Senate committee findings
Kornbluh told CNN that the CIA -- which provided $350,000 to help fund the coup -- had not
played a direct role in the coup.
CIA officials had previously said the agency had not instigated the coup, but had been aware of
military plotting to overthrow Allende.
However, a Senate committee chaired by Sen. Frank Church, D-Idaho, had confirmed that the CIA
had participated in covert operations in Chile, and that the agency had attempted to foment a
military coup in 1970 after Allende had been elected president.
"It is important to view these events in their proper historical context," CIA spokesman Mark
Mansfield said.
"CIA activities were conducted within the framework of what was U.S. policy at the time, and covert
actions were undertaken at the direction of the White House and interagency policy coordination
committees," Mansfield said.
CIA election operation
Researchers hoped the documents would provide details of a possible U.S. government role in
toppling Allende's democratically elected government, and in support of Pinochet.

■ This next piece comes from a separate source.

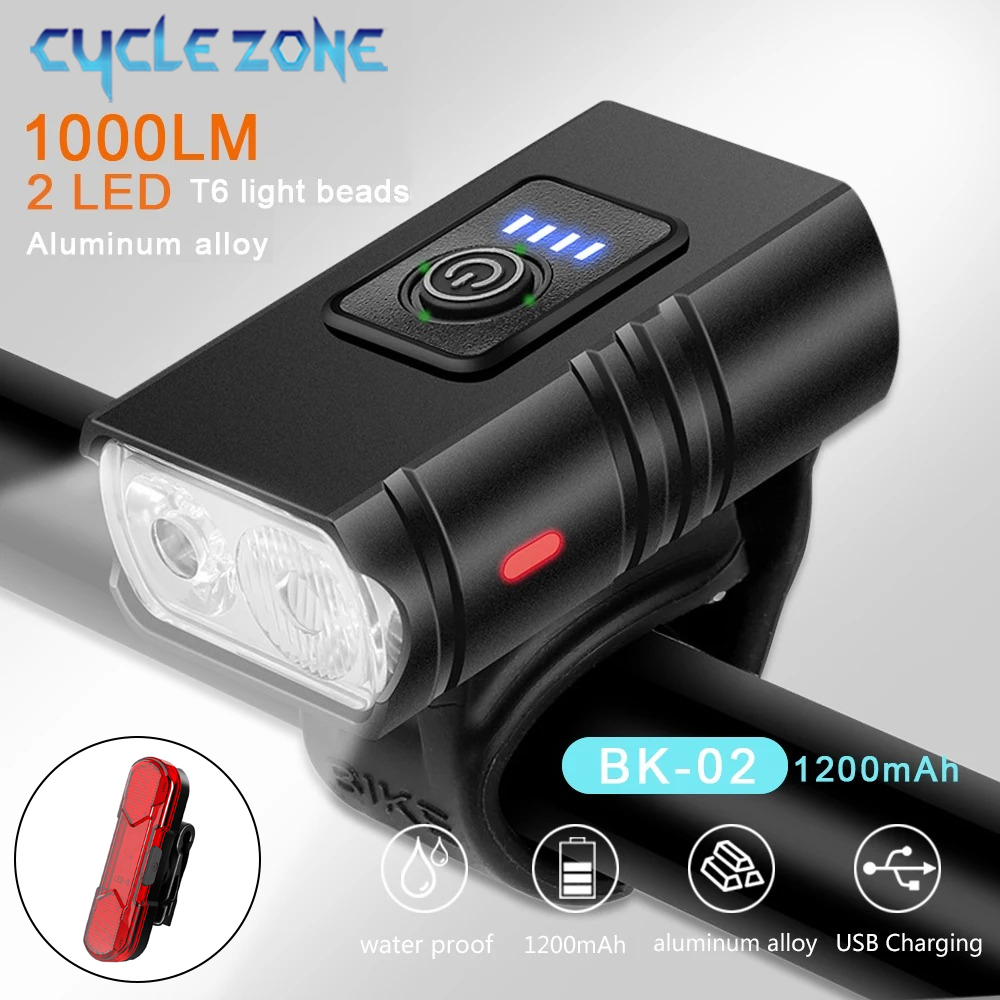 Mountain Biking Zone 2 - 2 Lampu Depan Sepeda LED 1000LM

"It may be of interest that in 1964, CIA conducted a (deleted) election operation in Chile (deleted)
which contributed to the election of Eduardo Frei to the presidency," said a memo, written before
March 1969 elections.
Allende was Frei's main opponent in that election. Frei died in 1982; His son, also named Eduardo
Frei, is Chile's immediate past president.
Last year, Clinton ordered U.S. government departments and agencies to find documents to highlight
human rights abuses, terrorism and political violence in Chile before and after the coup.
The order was given after Pinochet was arrested in London pending an extradition request by a
Spanish judge, who sought to put the former Chilean leader on trial for rights violations.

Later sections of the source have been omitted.